From: Mike Myers <mikesm559@yahoo.com>
To: Neil Brown <neilb@suse.de>
Cc: Justin Piszcz <jpiszcz@lucidpixels.com>,
linux-raid@vger.kernel.org, john lists <john4lists@gmail.com>
Subject: Re: Need urgent help in fixing raid5 array
Date: Tue, 6 Jan 2009 15:54:13 -0800 (PST) [thread overview]
Message-ID: <46247.99152.qm@web30807.mail.mud.yahoo.com> (raw)
In-Reply-To: 18787.59872.647206.934303@notabene.brown
Thanks for this and the previous explanation of how roles and slots work. I should be able to try and few combinations and see. At this point, I am not sure if the issue was caused by a bad backplane, or bad controller or bad disk. I can't tell for sure the backplane was bad, but I have a replacement sitting at my desk now, so I can go ahead and replace it just to be sure. The LSI MPT controller that failed was connected only to drives in md2, but that array is up and running fine and so I don't think it broke something when it failed.

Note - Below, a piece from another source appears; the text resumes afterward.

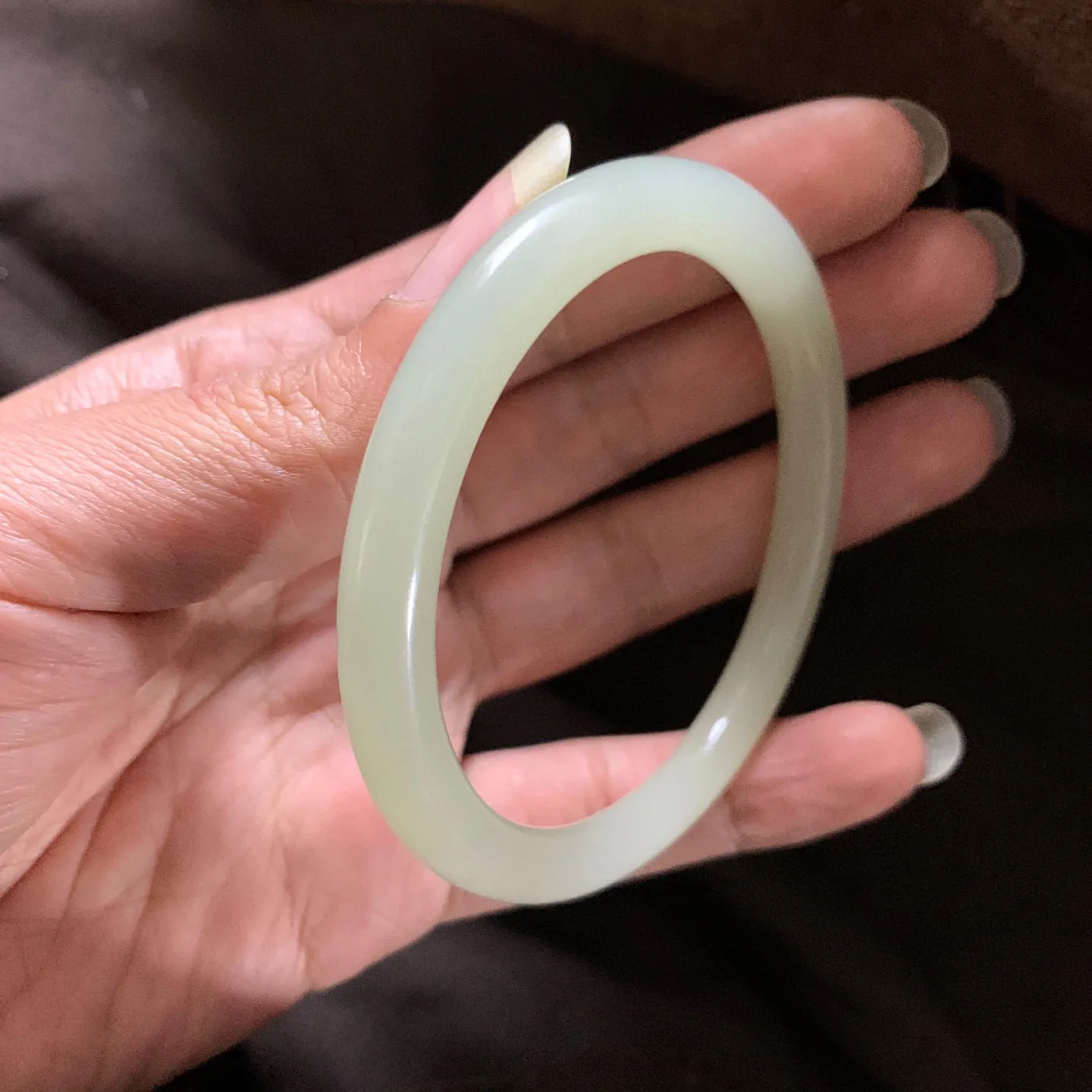 和田玉61圈口青白色手镯，镯型古朴典雅。在诗情画意的雨巷相遇，你是我腕间的一抹风情，有你眸有深情.清风荡漾湖间静水，我愿俯身低眉，在烟波涟漪处寻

I had seen two smart alerts indicating a drive was failing, which is what caused me to try and replace the kicked drive with a new one and do a rebuild, which was the event that started this chain of events. I swapped the drive (part of md1), but the OS did not indicate the SATA port went down and did not init the new drive. When I rebooted to system (suspecting a temporary problem with the controller), everything went to hell. I suspect this initial failure was due to the backplane problem, but it may have had some corruption on the disks as well.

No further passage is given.